*** Raw data Section Begins ***

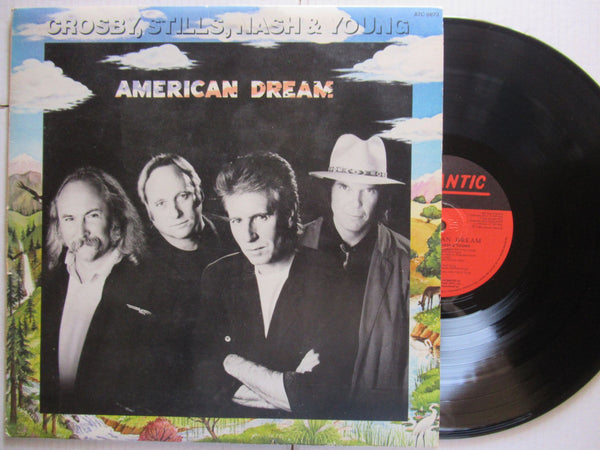 Crosby, Stills, Nash & Young – American Dream (RSA VG)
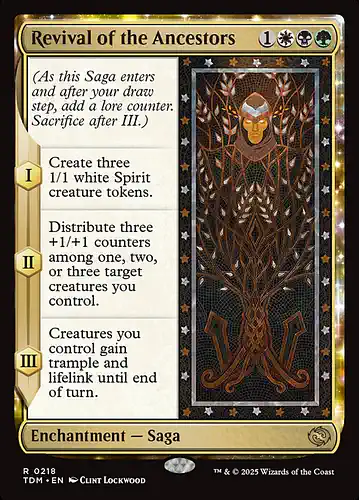 Revival of the Ancestors - tdm Spoiler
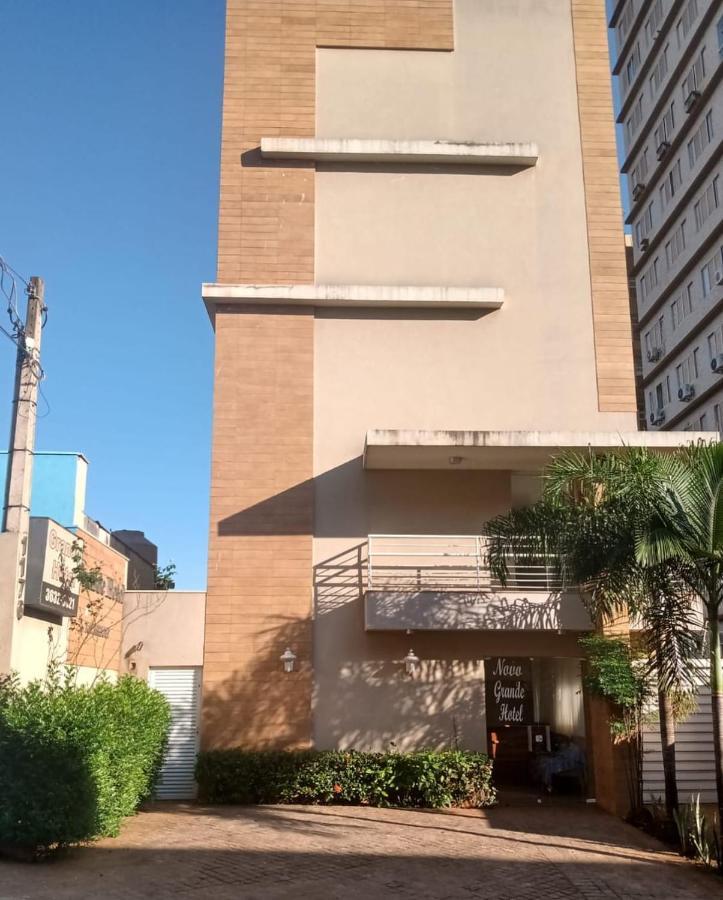 Novo Grande Hotel Ribeirão Preto Exterior foto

*** Raw data Section Ends ***

What is required:
Faithful copy, images left out: write out every line of data.

Solution:
 Crosby, Stills, Nash & Young – American Dream (RSA VG)
 Revival of the Ancestors - tdm Spoiler
 Novo Grande Hotel Ribeirão Preto Exterior foto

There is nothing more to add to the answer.